Abstract

This article examines the West German controversy over Duogynon, a ‘hormone pregnancy test’ and the drug at the centre of the first major, international debate over iatrogenic birth defects in the post-thalidomide era. It recovers an asymmetrical power struggle over the uneven distribution of biomedical knowledge and ignorance (about teratogenic risk) that pitted parent-activists, whistleblowers and investigative journalists against industrialists, scientific experts and government officials. It sheds new light on the nexus of reproduction, disability, epidemiology and health activism in West Germany. In addition, it begins to recover an internationally influential discourse that, in the post-thalidomide world, seems to have resuscitated antenatal drug use as safe until proven harmful.

Highlights

  • Schering was one of a handful of large companies with in-house research laboratories that, in the interwar period, carved out a gynaecological market for industrial sex hormones (Gaudillière, 2018)

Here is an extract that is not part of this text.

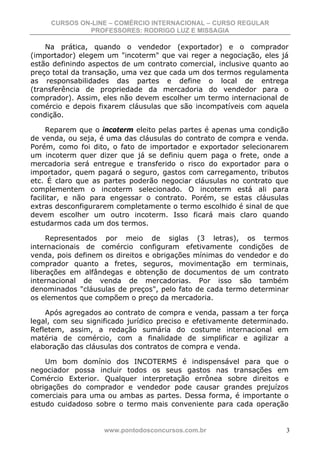 CURSOS ON-LINE – COMÉRCIO INTERNACIONAL – CURSO REGULAR
              PROFESSORES: RODRIGO LUZ E MISSAGIA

  • The fact that Duogynon and Anovlar differed in dosage, regimen and indication but contained the same ingredients would link HPTs and oral contraception in the first major international debate over iatrogenic birth defects of the post-thalidomide era

  • We know that in 1978, at a crucial juncture in the British debate, the UK Minister of Health used the negative results of a large West German study to block British calls for a public inquiry into the teratogenicity of HPTs (Olszynko-Gryn et al, 2018: 40)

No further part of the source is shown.